[Source records]
⟨

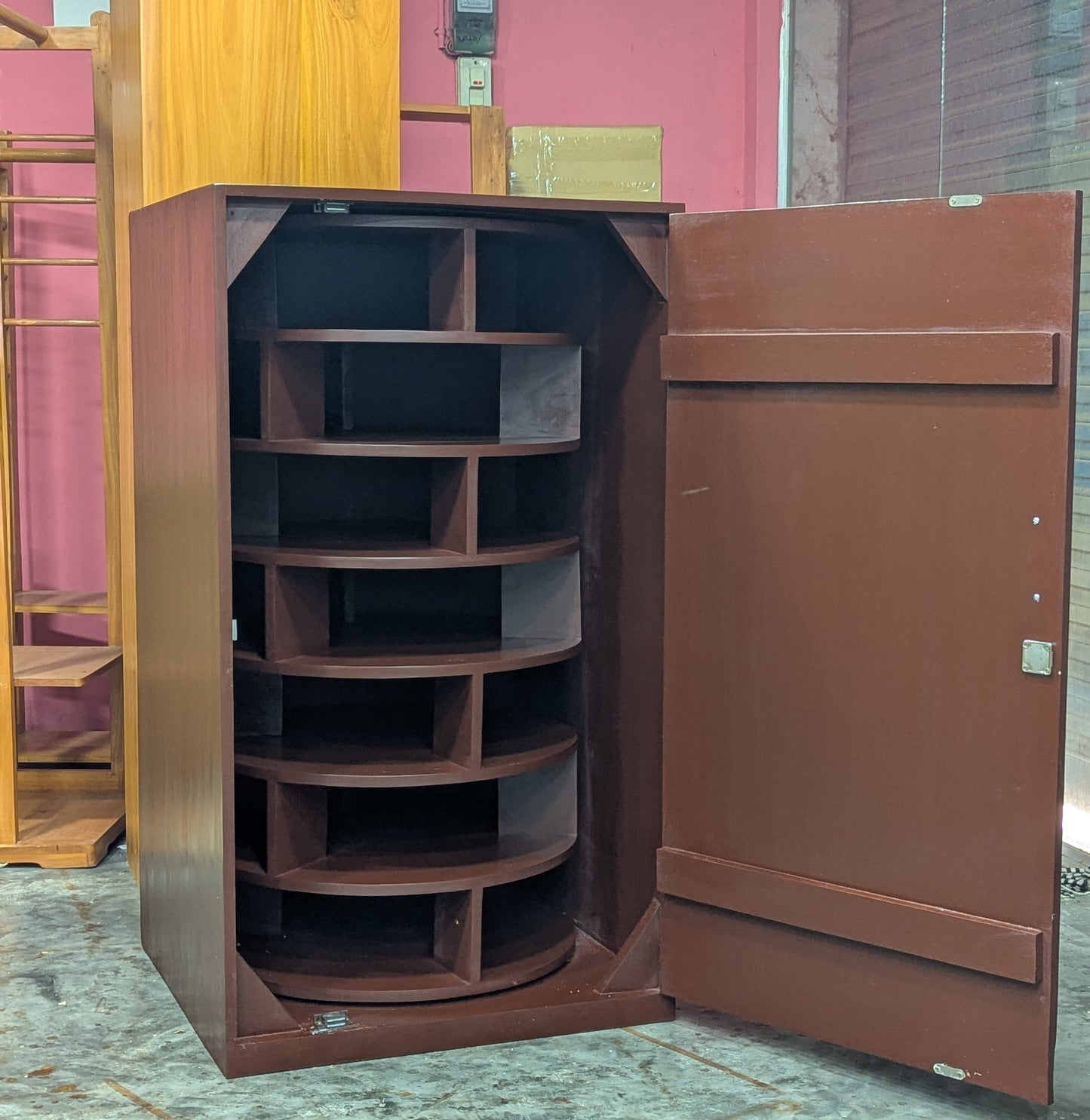 Wooden Rotating Shoe Rack Cabinet with Door | Space Saving Corner Shoe Organizer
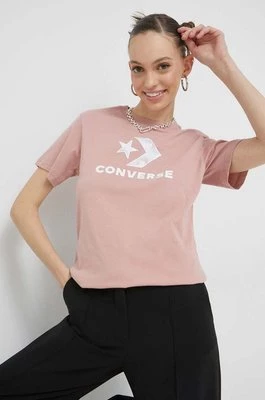 Converse t-shirt bawełniany kolor różowy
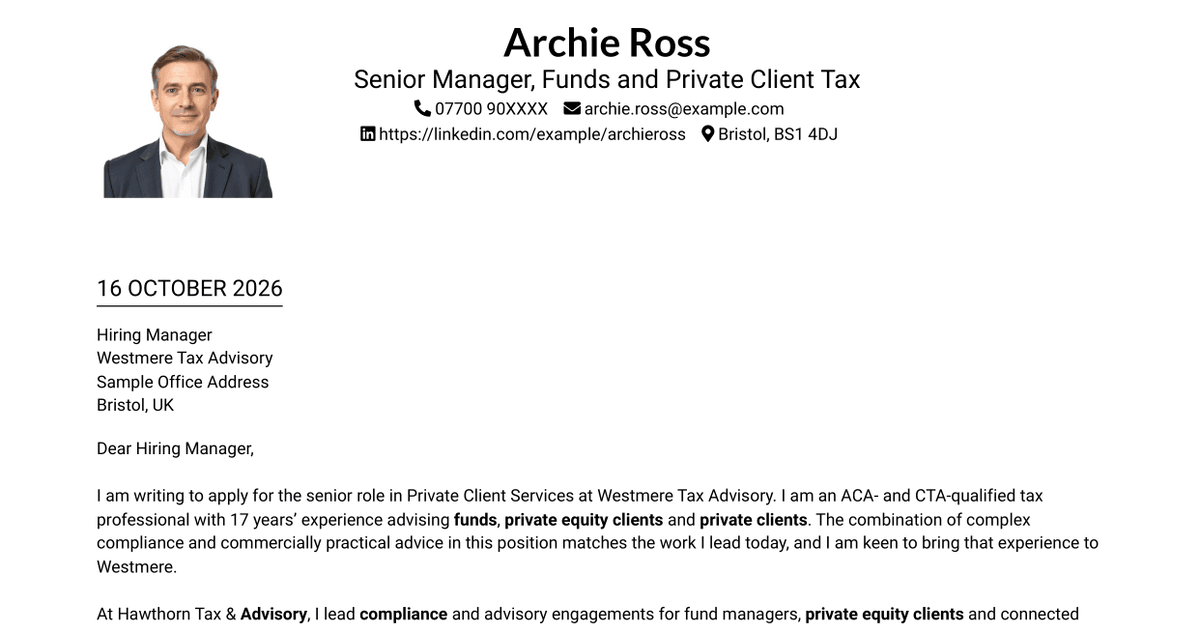 7 Senior Manager, Private Client Services - Funds Cover Letter Templates with Example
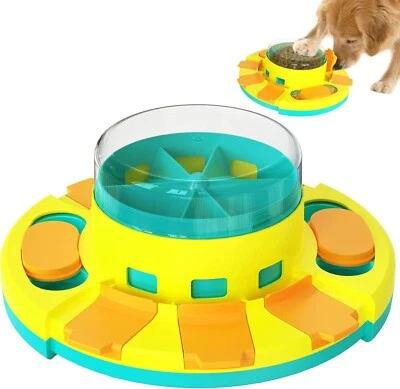 Interactive Puzzle Dog Toy Slow Eat Feeding Dispenser Food Bowl - Yellow. 26cm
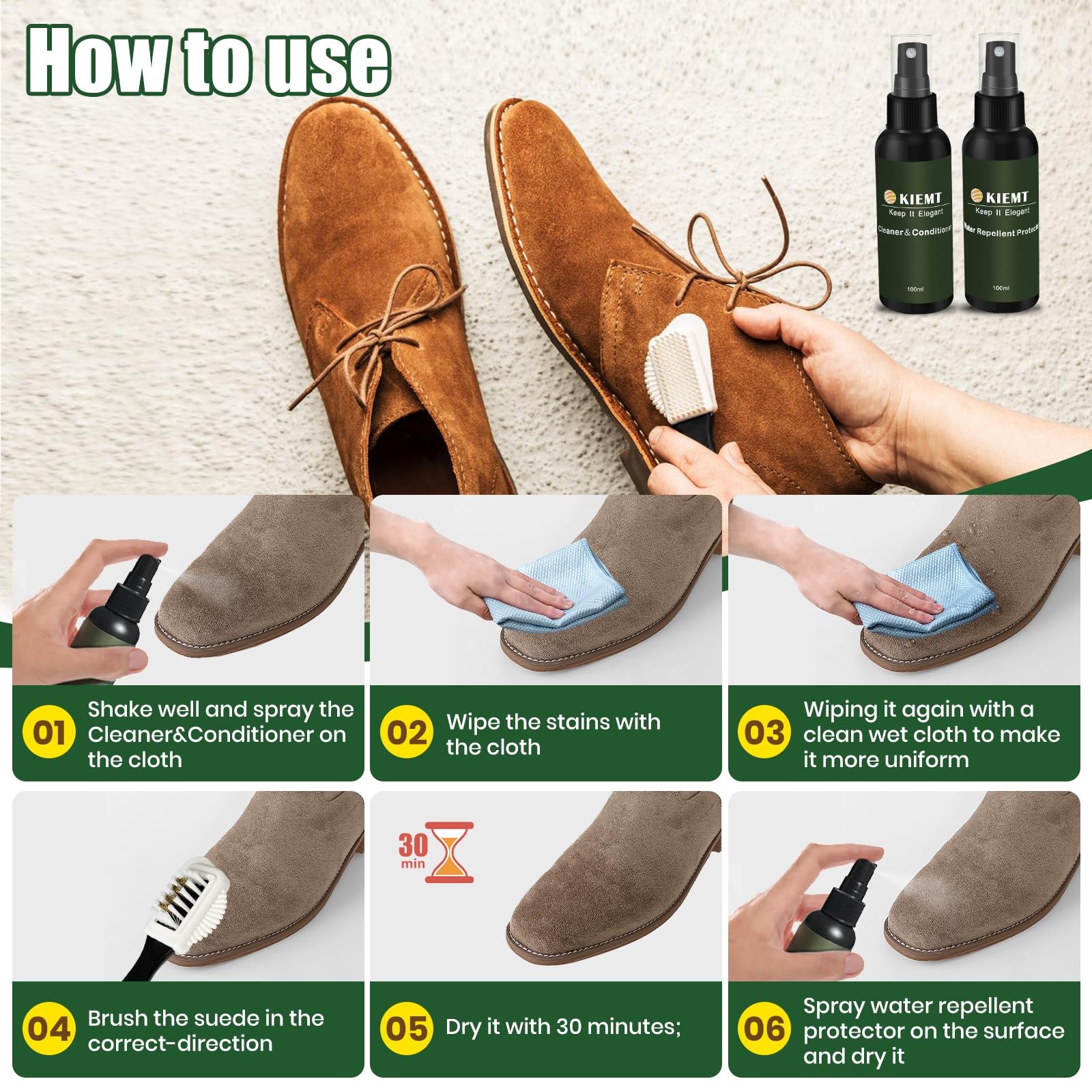 KIEMT Premium Suede and Nubuck Care kit,Leather Cleaner and Conditioner,Suede…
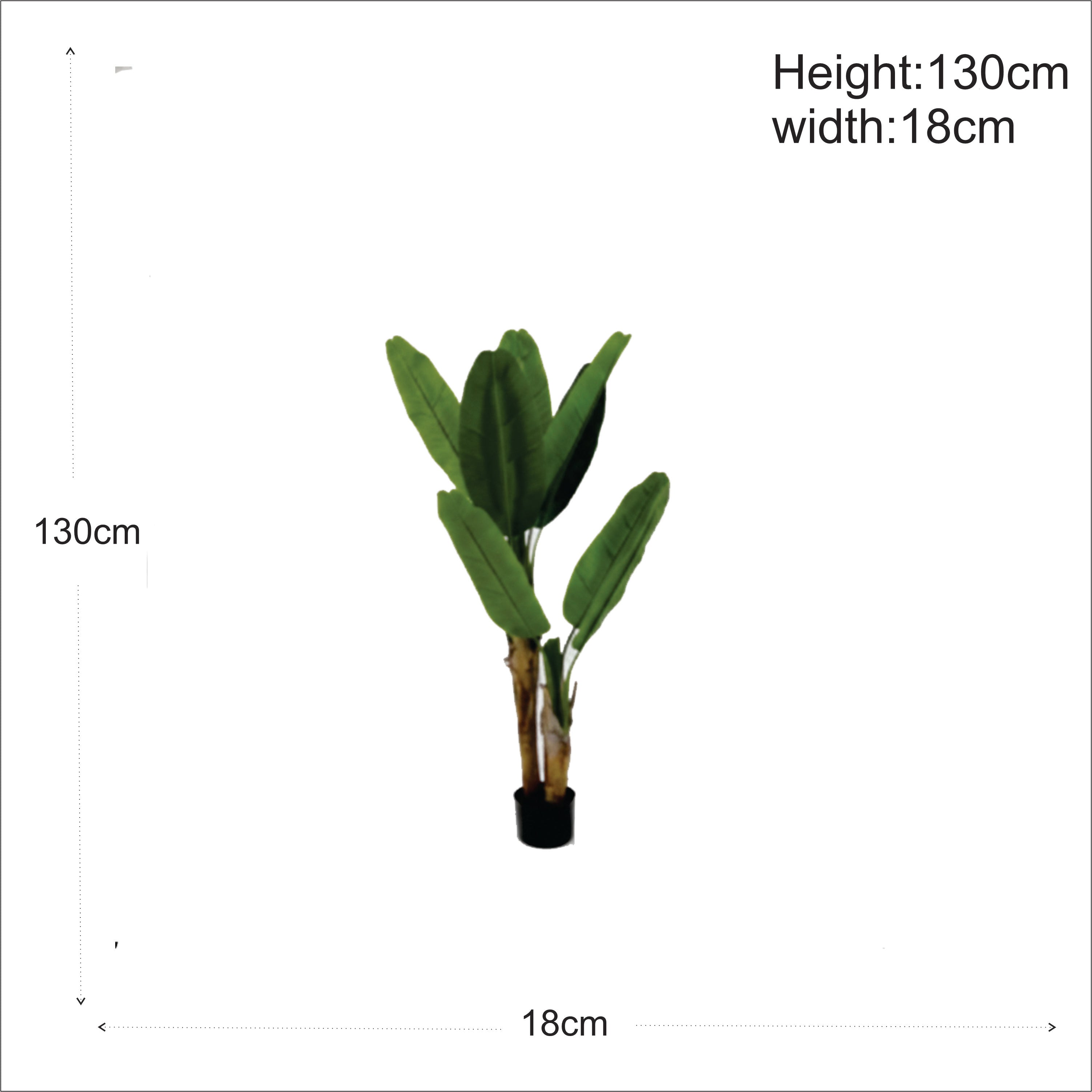 ENUTROF Artificial Banana Plant Musa – 130cm Fake Tropical Plant for Home & Office Decor ENUTROF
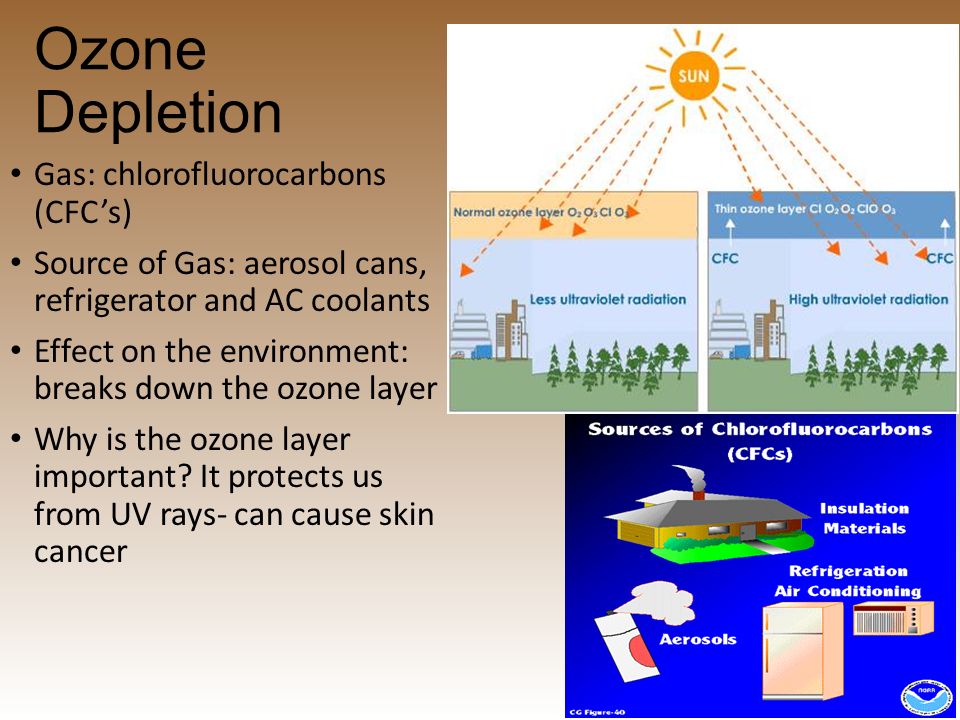 Ozone Depletion Gas: chlorofluorocarbons (CFC’s) Source of Gas: aerosol cans, refrigerator and AC coolants Effect on the environment: breaks down the ozone layer Why is the ozone layer important.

⟩

• **Exercise**
Your copy should match the entries above exactly and contain no pictures.

• **Answer box**
 Wooden Rotating Shoe Rack Cabinet with Door | Space Saving Corner Shoe Organizer
 Converse t-shirt bawełniany kolor różowy
 7 Senior Manager, Private Client Services - Funds Cover Letter Templates with Example
 Interactive Puzzle Dog Toy Slow Eat Feeding Dispenser Food Bowl - Yellow. 26cm
 KIEMT Premium Suede and Nubuck Care kit,Leather Cleaner and Conditioner,Suede…
 ENUTROF Artificial Banana Plant Musa – 130cm Fake Tropical Plant for Home & Office Decor ENUTROF
 Ozone Depletion Gas: chlorofluorocarbons (CFC’s) Source of Gas: aerosol cans, refrigerator and AC coolants Effect on the environment: breaks down the ozone layer Why is the ozone layer important.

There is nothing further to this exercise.